Madagascar’s economy is focused on agriculture and fishing with vanilla as its main export product. Nearly half of the country’s trade is with France. The tourism industry is the fastest growing industry. Climate change means that the country is increasingly affected by cyclones with devastating consequences for agriculture.

One of the largest foreign investments in Africa concerns Ambatovy’s nickel mining project, which currently has 8,000 employees and provides export earnings to the country, but union activity is discouraged at the company. The environmental movement has also criticized the project for predation on the environment.

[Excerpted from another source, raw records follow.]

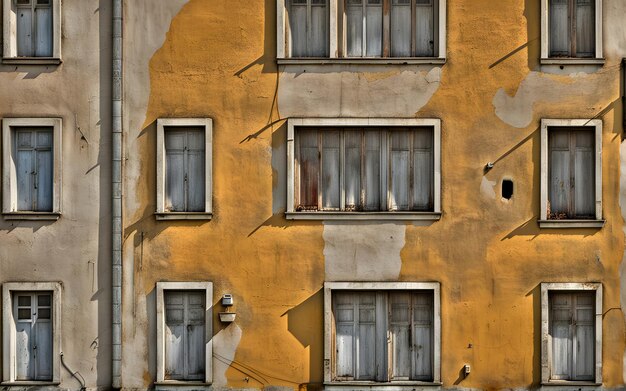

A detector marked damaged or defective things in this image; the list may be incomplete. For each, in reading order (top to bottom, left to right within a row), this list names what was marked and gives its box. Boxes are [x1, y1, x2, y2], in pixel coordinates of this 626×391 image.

peeling plaster [276, 66, 442, 118]
peeling plaster [490, 71, 608, 129]
peeling plaster [322, 224, 404, 282]
peeling plaster [214, 324, 244, 388]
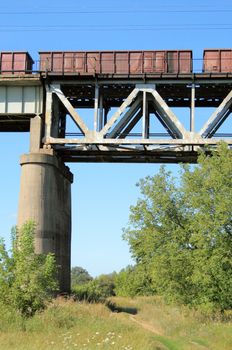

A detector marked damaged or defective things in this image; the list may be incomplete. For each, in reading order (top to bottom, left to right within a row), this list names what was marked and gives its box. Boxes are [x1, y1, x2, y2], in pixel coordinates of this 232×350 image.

rusty freight train car [0, 51, 34, 74]
rust stain on steel [0, 51, 34, 74]
rusty freight train car [39, 50, 192, 74]
rust stain on steel [39, 50, 192, 74]
rusty freight train car [204, 48, 232, 72]
rust stain on steel [204, 48, 232, 72]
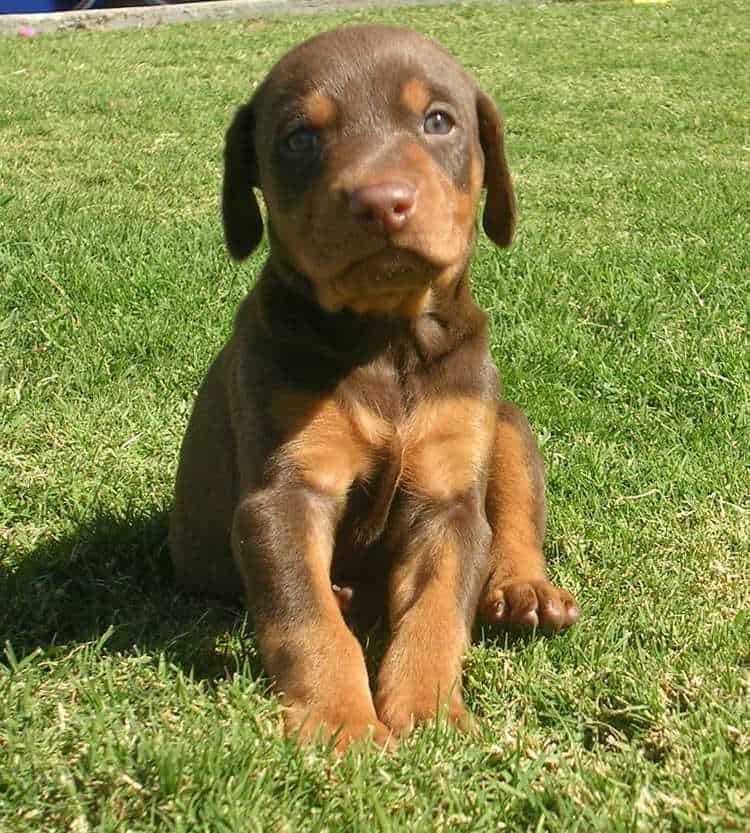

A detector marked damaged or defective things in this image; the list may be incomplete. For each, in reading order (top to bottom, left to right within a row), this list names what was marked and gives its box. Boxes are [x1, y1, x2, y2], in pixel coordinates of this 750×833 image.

red rust doberman puppy [172, 26, 580, 752]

More than half of the capital’s residents make a living in the informal sector. Working conditions are often very poor; forced labor occurs and child labor is common.

MALAWI

The country is undeveloped and the economy is based on agriculture. The Central Trade Union Confederation Malawi Congress of Trade Unions, MCTU, is affiliated to the World Trade Union Confederation, the International Trade Union Confederation, ITUC and the Organization of African Trade Union Unity, OATUU. There are many Swedish trade union projects in Malawi. See AllCityPopulation.com for country flags of all African countries.

Malawi

Country Facts

State condition: Republic, unitary state

Surface: 118 484 km²

Capital: Lilongwe

Language: Chewa and official English languages

Labor market and economy:

The economy is one-sided and poorly developed. The dependence on aid is great. The agricultural sector employs 80% of the workforce and accounts for 35% of GDP. The main exports are tobacco, tea and sugar. The government is trying to differentiate the economy and get away from the consideration of tobacco as the most important export commodity. A problem with dependence on agriculture is also climate change, which means that the country is increasingly affected by drought. In 2016, a state of emergency was declared in the country due to extreme drought for the second year in a row.

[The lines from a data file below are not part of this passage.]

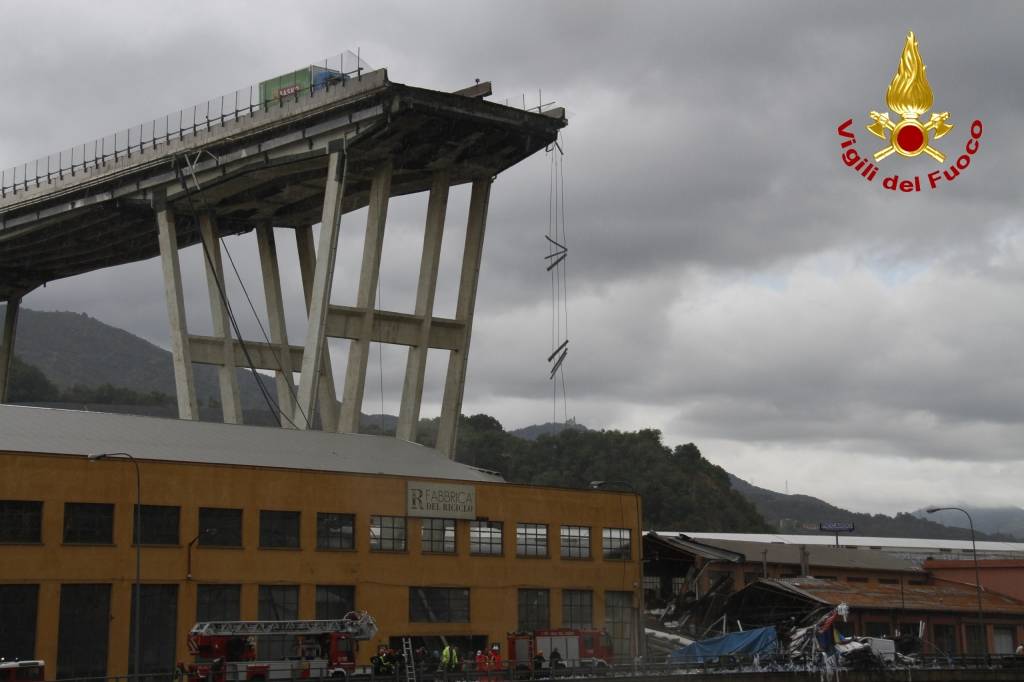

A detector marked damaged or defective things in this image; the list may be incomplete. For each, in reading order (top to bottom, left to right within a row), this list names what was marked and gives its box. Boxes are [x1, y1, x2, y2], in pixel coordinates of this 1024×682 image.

damaged roof [752, 576, 1024, 612]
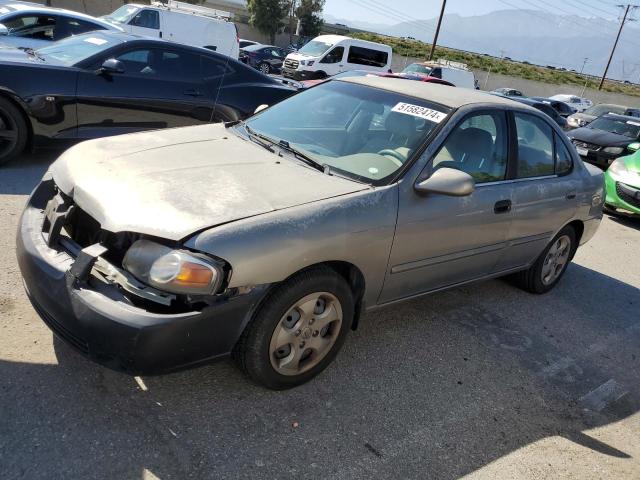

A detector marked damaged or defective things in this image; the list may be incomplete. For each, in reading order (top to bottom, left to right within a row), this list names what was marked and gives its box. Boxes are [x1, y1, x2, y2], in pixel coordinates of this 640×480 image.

exposed headlight [608, 159, 628, 176]
damaged front bumper [16, 179, 268, 376]
exposed headlight [124, 242, 226, 294]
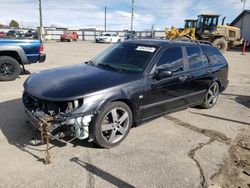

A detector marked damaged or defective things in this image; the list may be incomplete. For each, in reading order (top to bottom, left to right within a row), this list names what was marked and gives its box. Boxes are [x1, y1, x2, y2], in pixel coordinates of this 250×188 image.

damaged front end [22, 91, 95, 142]
crack in pavement [164, 114, 230, 187]
crack in pavement [188, 139, 214, 187]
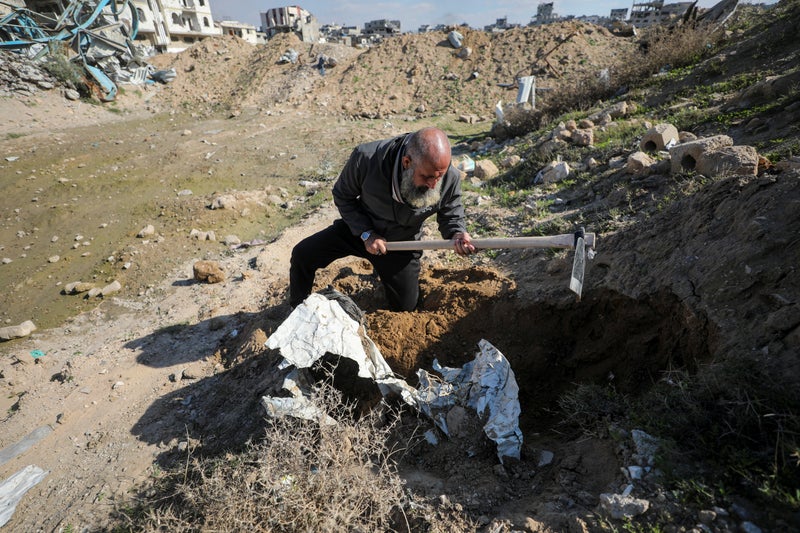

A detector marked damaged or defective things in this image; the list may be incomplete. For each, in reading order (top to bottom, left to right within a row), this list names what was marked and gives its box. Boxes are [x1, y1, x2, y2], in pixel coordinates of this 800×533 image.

crumpled metal sheet [264, 294, 524, 464]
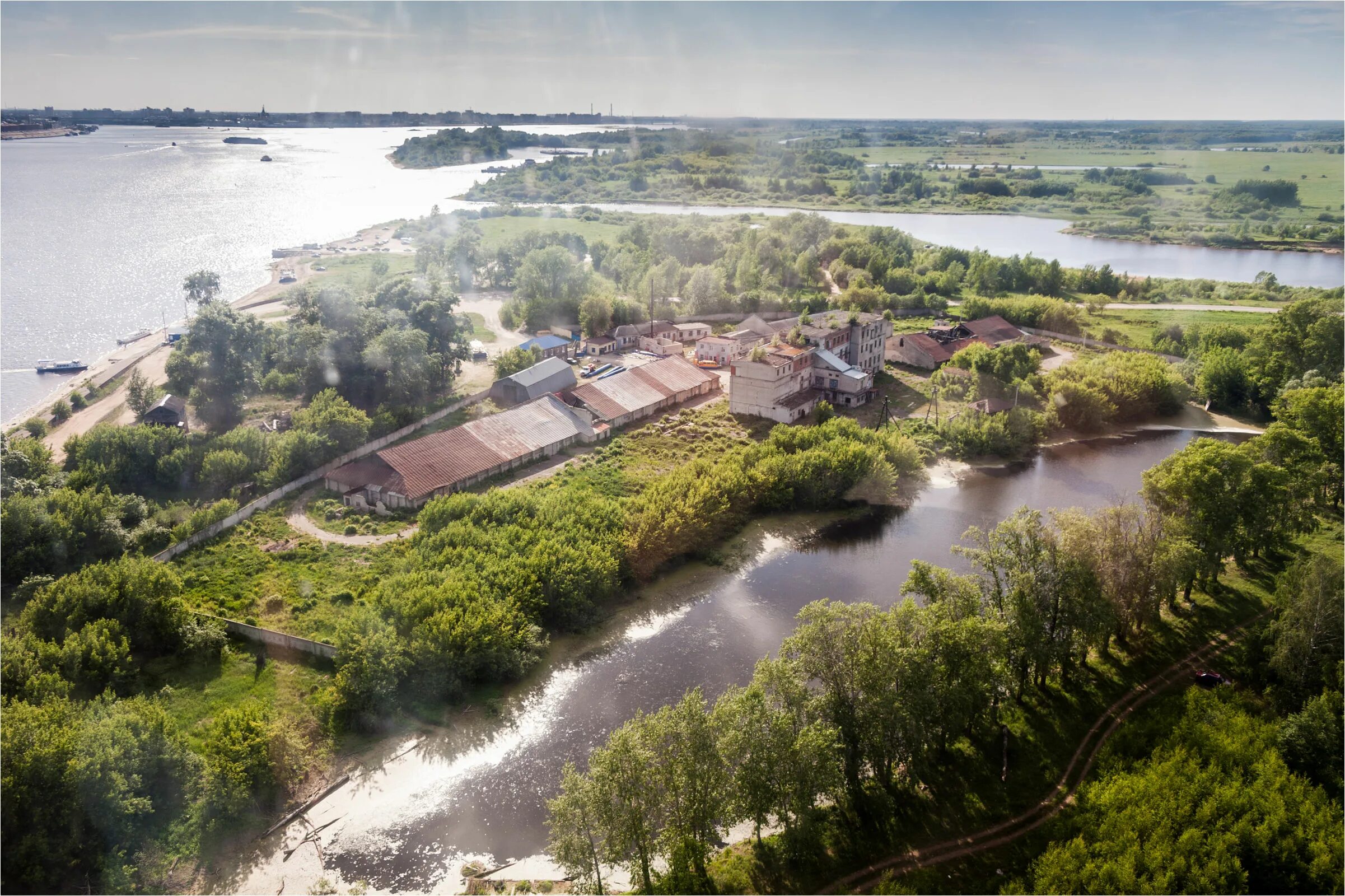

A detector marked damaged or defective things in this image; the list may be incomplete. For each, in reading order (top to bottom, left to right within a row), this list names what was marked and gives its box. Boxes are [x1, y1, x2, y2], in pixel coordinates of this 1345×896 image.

warehouse with rusty roof [567, 352, 721, 425]
warehouse with rusty roof [324, 393, 605, 508]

Malawi is one of the most affected countries when it comes to AIDS. Many orphaned children contribute to the widespread use of child labor, especially in the tobacco industry and among domestic workers.

MAURITIUS

The archipelago east of Madagascar gained its independence from Britain in 1968. About 2/3 of the population is of Indian origin. Mauritius is a stable multi-party democracy. GDP per capita is one of the highest in Africa. There are several trade union central organizations.

Mauritius

Country Facts

State condition: Republic

Surface: 2040 km2

Capital: Port Louis

Language: Official English language. The others are French, Hindi, Moorish

Labor market and economy:

Mauritius’ economy has long been unilaterally based on sugar production, but its economic base has widened as the textile industry, the high-income financial sector and, above all, tourism have developed. Now more than 50 percent of the workforce works in the service industry. Mauritius has the second highest GDP per capita in Africa (after the Seychelles). Unemployment is low, there is rather a shortage of labor and there are now 45,000 immigrant workers, mainly from the countries around the Indian Ocean. Especially in the textile industry, where working conditions are very poor, the proportion of migrant workers is high.

Foreign investment takes place to a large extent in the economic free zones. Chinese investment has increased markedly and there are often protests against poor working conditions.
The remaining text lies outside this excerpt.